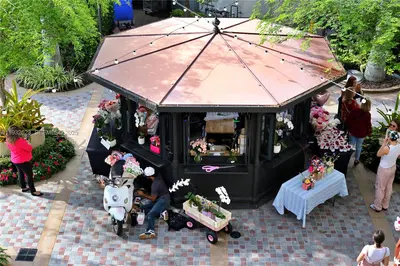 Established Flower Shop with Turnkey Operations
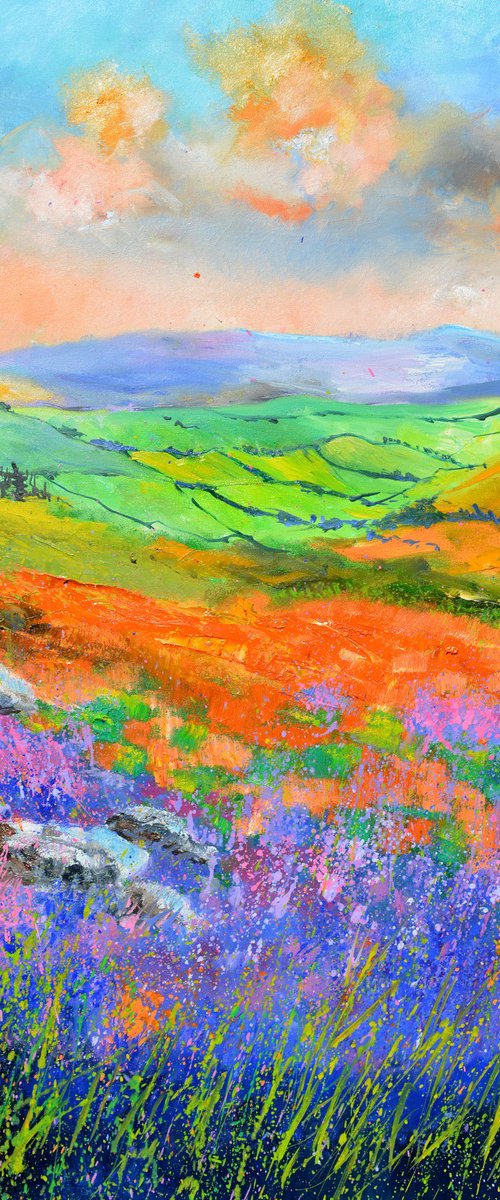 Scottish moors in spring by Pol Henry Ledent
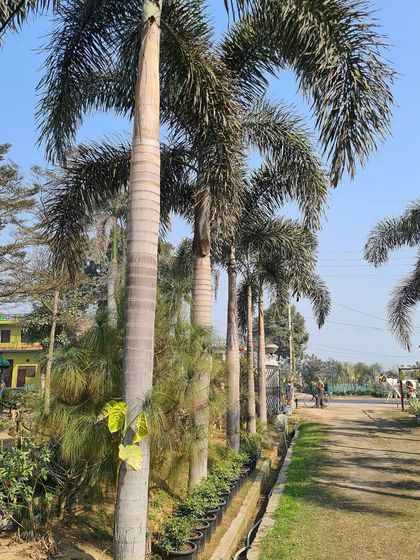 Urban Green Nursery - Wholesale Plant Nursery Large Trees & Palms photo 7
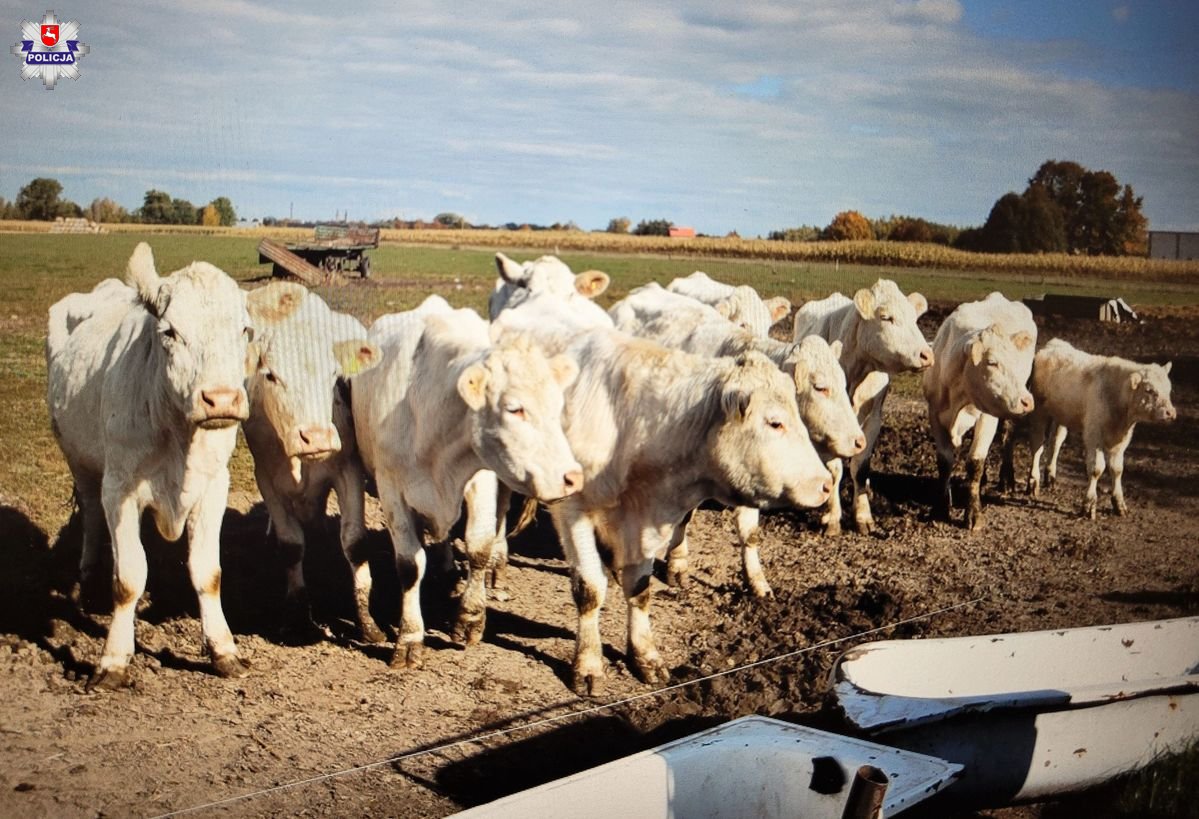 14 sztuk padłego bydła na posesji. Mężczyzna usłyszał zarzut znęcania się ze szczególnym okrucieństwem (zdjęcia)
------------------------
Try it — Copy out all of the data word for word. Do not carry over any picture.

The answer —
 Established Flower Shop with Turnkey Operations
 Scottish moors in spring by Pol Henry Ledent
 Urban Green Nursery - Wholesale Plant Nursery Large Trees & Palms photo 7
 14 sztuk padłego bydła na posesji. Mężczyzna usłyszał zarzut znęcania się ze szczególnym okrucieństwem (zdjęcia)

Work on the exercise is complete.